スイス南東部のグラウビュンデン地方にはブタッチ・クン・イルグスと呼ばれる恐ろしい怪物が棲んでいる。大昔、この地方の横暴な領主と貴族たちがいた。リュッシャー湖の湖畔で羊飼いたちの飼うヒツジを面白半分に剣で切り裂き、湖にヒツジを追い立てて溺れさせた。羊飼いたちはこの乱暴狼藉に逆らうこともできず、ただ眺めていることしかできなかった。すると突如、湖がブクブクと泡立ち、湖の奥底から怪物が姿を現した。その姿は巨大なウシの胃袋のような姿で、表面は無数の目で覆われていた。目からは炎が噴き出し、怪物は領主や貴族たちを全て押し潰すと、再び湖の底に消えていった。震えて見ていた羊飼いたちは全員、無事だったという。
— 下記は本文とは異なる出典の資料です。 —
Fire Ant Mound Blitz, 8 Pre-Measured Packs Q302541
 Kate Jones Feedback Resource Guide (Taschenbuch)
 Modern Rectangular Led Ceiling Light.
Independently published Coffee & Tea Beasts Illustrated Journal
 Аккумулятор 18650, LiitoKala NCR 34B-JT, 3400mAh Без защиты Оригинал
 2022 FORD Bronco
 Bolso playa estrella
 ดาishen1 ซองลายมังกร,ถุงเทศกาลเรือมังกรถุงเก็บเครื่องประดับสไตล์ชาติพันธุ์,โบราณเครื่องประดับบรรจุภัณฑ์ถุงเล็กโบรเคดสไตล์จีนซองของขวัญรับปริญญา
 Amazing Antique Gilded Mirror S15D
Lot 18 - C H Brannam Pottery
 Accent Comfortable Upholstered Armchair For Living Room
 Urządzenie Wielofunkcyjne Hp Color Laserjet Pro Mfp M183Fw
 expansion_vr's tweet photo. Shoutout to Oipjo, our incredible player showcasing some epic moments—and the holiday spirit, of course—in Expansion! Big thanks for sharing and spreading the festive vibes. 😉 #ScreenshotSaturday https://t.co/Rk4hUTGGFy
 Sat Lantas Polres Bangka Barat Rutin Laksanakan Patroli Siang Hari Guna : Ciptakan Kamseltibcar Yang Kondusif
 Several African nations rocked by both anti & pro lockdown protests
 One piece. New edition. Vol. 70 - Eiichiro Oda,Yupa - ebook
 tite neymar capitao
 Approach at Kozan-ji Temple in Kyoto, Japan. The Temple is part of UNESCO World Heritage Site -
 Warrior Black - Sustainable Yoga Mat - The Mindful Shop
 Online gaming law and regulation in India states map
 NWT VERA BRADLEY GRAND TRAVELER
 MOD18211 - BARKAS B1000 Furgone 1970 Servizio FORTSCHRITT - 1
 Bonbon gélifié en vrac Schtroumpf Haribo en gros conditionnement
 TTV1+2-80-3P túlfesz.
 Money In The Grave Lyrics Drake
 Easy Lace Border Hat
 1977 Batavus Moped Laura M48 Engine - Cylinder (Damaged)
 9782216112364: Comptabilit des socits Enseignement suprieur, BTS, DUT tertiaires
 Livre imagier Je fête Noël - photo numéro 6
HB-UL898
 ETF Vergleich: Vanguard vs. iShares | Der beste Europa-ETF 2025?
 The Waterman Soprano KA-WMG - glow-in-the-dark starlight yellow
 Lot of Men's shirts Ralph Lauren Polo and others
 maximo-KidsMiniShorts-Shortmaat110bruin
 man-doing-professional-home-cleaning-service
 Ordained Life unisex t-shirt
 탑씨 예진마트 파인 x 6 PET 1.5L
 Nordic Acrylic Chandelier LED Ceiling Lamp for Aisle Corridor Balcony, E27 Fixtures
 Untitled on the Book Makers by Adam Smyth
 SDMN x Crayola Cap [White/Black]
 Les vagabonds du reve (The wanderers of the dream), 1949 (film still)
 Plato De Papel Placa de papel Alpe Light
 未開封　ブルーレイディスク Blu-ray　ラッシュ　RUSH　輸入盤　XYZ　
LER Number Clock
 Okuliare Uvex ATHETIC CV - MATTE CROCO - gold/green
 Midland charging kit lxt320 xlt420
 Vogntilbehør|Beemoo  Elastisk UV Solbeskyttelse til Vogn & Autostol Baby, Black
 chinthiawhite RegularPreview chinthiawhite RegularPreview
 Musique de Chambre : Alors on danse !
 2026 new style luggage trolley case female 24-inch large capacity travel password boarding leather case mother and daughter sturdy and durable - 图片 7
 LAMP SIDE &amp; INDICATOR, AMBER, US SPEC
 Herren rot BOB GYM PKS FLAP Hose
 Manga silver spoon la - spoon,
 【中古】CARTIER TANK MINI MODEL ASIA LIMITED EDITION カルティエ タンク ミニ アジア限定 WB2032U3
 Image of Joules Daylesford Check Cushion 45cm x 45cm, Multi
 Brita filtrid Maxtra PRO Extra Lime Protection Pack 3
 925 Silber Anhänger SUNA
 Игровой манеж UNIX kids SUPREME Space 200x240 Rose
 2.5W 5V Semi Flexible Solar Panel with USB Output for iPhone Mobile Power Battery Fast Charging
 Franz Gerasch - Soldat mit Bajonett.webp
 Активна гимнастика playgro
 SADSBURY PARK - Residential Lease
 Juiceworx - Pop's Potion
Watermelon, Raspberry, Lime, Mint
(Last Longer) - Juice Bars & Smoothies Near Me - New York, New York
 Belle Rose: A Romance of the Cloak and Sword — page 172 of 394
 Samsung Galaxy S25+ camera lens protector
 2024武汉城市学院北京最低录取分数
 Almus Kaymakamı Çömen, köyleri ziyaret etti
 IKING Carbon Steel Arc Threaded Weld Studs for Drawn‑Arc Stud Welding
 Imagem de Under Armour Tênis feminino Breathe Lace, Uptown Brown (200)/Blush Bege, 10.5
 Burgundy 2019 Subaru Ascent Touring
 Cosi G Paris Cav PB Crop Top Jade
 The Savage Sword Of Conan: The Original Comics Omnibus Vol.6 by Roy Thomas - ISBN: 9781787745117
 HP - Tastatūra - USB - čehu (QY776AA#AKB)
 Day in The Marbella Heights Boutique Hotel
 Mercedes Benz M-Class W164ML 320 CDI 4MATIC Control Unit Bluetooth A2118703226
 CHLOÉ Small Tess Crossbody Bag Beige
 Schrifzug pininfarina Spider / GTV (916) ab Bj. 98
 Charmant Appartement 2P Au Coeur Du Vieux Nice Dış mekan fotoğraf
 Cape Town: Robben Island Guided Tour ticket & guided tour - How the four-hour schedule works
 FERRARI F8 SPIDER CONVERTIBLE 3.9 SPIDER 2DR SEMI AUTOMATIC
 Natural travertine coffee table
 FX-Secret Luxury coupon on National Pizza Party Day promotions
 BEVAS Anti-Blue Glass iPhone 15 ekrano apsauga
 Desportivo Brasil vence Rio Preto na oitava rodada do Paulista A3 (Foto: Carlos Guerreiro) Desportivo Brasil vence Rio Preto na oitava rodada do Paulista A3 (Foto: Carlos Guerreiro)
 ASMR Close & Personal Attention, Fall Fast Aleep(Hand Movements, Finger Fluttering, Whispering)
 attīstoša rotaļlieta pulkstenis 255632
その後もブタッチ・クン・イルグスはリュッシャー湖の近くを流れるノッラ川の急流を削ったり、堤防を決壊させて大規模な地滑りを引き起こしたりと、暴れ回っている。
しかし、これらの3回の出現以降、ブタッチ・クン・イルグスは姿を見せていないようだ。それでも、今でもリュッシャー湖の奥底からは咆哮が轟くことがあり、羊飼いたちはそのたびに干し草を湖に捧げるという。